TASK GOAL |
Nothing but the pictures should be dropped; repeat the rest of the data below exactly.

SUPPLIED INFORMATION |
================

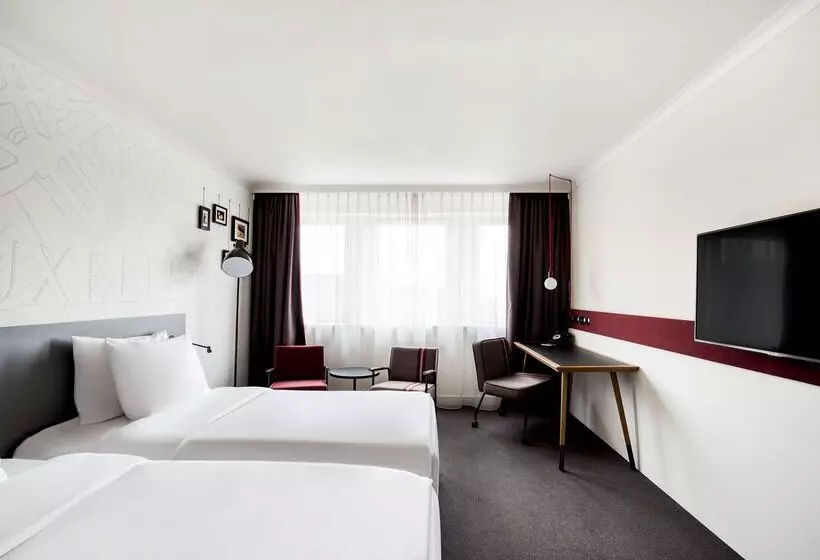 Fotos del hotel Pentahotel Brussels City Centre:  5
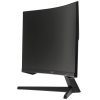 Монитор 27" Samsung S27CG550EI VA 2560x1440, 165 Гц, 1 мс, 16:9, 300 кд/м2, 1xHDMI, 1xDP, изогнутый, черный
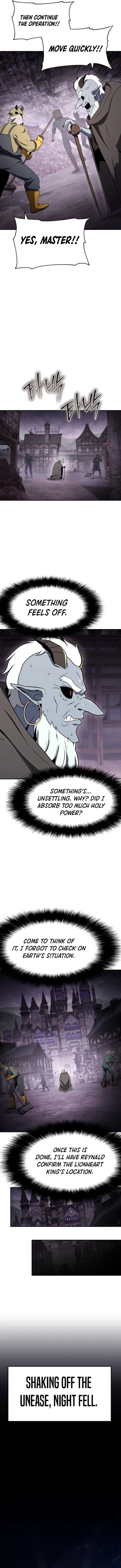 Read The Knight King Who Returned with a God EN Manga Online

================

WRITTEN ANSWER |
 Fotos del hotel Pentahotel Brussels City Centre:  5
 Монитор 27" Samsung S27CG550EI VA 2560x1440, 165 Гц, 1 мс, 16:9, 300 кд/м2, 1xHDMI, 1xDP, изогнутый, черный
 Read The Knight King Who Returned with a God EN Manga Online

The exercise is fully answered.